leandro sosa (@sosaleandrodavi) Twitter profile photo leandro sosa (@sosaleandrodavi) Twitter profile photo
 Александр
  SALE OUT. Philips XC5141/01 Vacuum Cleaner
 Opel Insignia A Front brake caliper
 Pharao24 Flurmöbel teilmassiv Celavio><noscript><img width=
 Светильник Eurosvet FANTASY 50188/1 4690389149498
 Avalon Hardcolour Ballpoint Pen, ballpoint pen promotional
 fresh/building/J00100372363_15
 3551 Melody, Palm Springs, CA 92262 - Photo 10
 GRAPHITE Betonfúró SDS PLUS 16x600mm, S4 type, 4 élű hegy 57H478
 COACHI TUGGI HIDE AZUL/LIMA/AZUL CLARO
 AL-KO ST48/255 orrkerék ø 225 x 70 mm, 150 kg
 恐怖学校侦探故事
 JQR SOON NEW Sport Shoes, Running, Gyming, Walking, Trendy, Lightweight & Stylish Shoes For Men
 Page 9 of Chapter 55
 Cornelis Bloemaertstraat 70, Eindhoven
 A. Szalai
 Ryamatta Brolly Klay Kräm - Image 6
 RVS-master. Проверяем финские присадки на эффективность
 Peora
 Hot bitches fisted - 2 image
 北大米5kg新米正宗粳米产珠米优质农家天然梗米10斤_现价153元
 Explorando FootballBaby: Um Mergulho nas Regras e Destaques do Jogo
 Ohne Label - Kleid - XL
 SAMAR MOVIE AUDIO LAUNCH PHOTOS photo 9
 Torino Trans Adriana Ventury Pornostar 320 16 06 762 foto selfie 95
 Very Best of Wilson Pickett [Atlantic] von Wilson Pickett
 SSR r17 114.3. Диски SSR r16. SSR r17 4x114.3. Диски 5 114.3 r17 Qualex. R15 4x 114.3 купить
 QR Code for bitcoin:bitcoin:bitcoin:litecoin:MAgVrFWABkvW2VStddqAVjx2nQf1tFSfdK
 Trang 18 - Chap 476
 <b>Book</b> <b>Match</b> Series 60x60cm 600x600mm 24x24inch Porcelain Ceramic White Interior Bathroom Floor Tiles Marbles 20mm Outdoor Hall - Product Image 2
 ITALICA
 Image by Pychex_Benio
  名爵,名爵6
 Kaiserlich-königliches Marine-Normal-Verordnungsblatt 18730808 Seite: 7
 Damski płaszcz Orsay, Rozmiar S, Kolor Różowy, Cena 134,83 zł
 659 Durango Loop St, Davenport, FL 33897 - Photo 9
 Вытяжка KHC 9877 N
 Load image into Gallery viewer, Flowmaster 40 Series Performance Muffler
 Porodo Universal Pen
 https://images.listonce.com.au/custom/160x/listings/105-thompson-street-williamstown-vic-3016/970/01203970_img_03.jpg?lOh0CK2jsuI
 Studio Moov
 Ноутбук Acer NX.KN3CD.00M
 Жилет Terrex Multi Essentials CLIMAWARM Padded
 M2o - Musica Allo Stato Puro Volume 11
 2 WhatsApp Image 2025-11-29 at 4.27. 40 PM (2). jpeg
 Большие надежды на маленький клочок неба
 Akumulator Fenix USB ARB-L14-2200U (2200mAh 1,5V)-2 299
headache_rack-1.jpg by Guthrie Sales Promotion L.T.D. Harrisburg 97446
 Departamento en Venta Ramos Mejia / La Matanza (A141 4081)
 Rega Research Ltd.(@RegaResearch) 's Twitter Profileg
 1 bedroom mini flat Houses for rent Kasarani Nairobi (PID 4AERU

..............................

_Exercise instructions_
Please copy every line of the material exactly.

_Answer area_
leandro sosa (@sosaleandrodavi) Twitter profile photo leandro sosa (@sosaleandrodavi) Twitter profile photo
 Александр
  SALE OUT. Philips XC5141/01 Vacuum Cleaner
 Opel Insignia A Front brake caliper
 Pharao24 Flurmöbel teilmassiv Celavio><noscript><img width=
 Светильник Eurosvet FANTASY 50188/1 4690389149498
 Avalon Hardcolour Ballpoint Pen, ballpoint pen promotional
 fresh/building/J00100372363_15
 3551 Melody, Palm Springs, CA 92262 - Photo 10
 GRAPHITE Betonfúró SDS PLUS 16x600mm, S4 type, 4 élű hegy 57H478
 COACHI TUGGI HIDE AZUL/LIMA/AZUL CLARO
 AL-KO ST48/255 orrkerék ø 225 x 70 mm, 150 kg
 恐怖学校侦探故事
 JQR SOON NEW Sport Shoes, Running, Gyming, Walking, Trendy, Lightweight & Stylish Shoes For Men
 Page 9 of Chapter 55
 Cornelis Bloemaertstraat 70, Eindhoven
 A. Szalai
 Ryamatta Brolly Klay Kräm - Image 6
 RVS-master. Проверяем финские присадки на эффективность
 Peora
 Hot bitches fisted - 2 image
 北大米5kg新米正宗粳米产珠米优质农家天然梗米10斤_现价153元
 Explorando FootballBaby: Um Mergulho nas Regras e Destaques do Jogo
 Ohne Label - Kleid - XL
 SAMAR MOVIE AUDIO LAUNCH PHOTOS photo 9
 Torino Trans Adriana Ventury Pornostar 320 16 06 762 foto selfie 95
 Very Best of Wilson Pickett [Atlantic] von Wilson Pickett
 SSR r17 114.3. Диски SSR r16. SSR r17 4x114.3. Диски 5 114.3 r17 Qualex. R15 4x 114.3 купить
 QR Code for bitcoin:bitcoin:bitcoin:litecoin:MAgVrFWABkvW2VStddqAVjx2nQf1tFSfdK
 Trang 18 - Chap 476
 <b>Book</b> <b>Match</b> Series 60x60cm 600x600mm 24x24inch Porcelain Ceramic White Interior Bathroom Floor Tiles Marbles 20mm Outdoor Hall - Product Image 2
 ITALICA
 Image by Pychex_Benio
  名爵,名爵6
 Kaiserlich-königliches Marine-Normal-Verordnungsblatt 18730808 Seite: 7
 Damski płaszcz Orsay, Rozmiar S, Kolor Różowy, Cena 134,83 zł
 659 Durango Loop St, Davenport, FL 33897 - Photo 9
 Вытяжка KHC 9877 N
 Load image into Gallery viewer, Flowmaster 40 Series Performance Muffler
 Porodo Universal Pen
 https://images.listonce.com.au/custom/160x/listings/105-thompson-street-williamstown-vic-3016/970/01203970_img_03.jpg?lOh0CK2jsuI
 Studio Moov
 Ноутбук Acer NX.KN3CD.00M
 Жилет Terrex Multi Essentials CLIMAWARM Padded
 M2o - Musica Allo Stato Puro Volume 11
 2 WhatsApp Image 2025-11-29 at 4.27. 40 PM (2). jpeg
 Большие надежды на маленький клочок неба
 Akumulator Fenix USB ARB-L14-2200U (2200mAh 1,5V)-2 299
headache_rack-1.jpg by Guthrie Sales Promotion L.T.D. Harrisburg 97446
 Departamento en Venta Ramos Mejia / La Matanza (A141 4081)
 Rega Research Ltd.(@RegaResearch) 's Twitter Profileg
 1 bedroom mini flat Houses for rent Kasarani Nairobi (PID 4AERU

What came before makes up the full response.